_Provided data_.
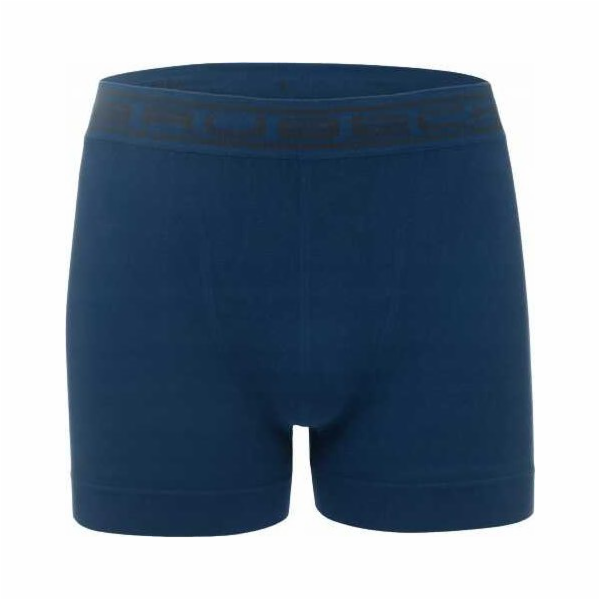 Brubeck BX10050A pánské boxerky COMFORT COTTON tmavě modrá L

...

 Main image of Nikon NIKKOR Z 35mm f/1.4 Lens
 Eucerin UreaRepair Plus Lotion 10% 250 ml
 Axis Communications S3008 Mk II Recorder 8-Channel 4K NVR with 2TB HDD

_What is required_.
Using the entries above, give back exactly the line containing "Eucerin UreaRepair Plus Lotion 10% 250 ml", the line containing "Axis Communications S3008", and every line between them, and nothing else.

_Exercise answer_.
 Eucerin UreaRepair Plus Lotion 10% 250 ml
 Axis Communications S3008 Mk II Recorder 8-Channel 4K NVR with 2TB HDD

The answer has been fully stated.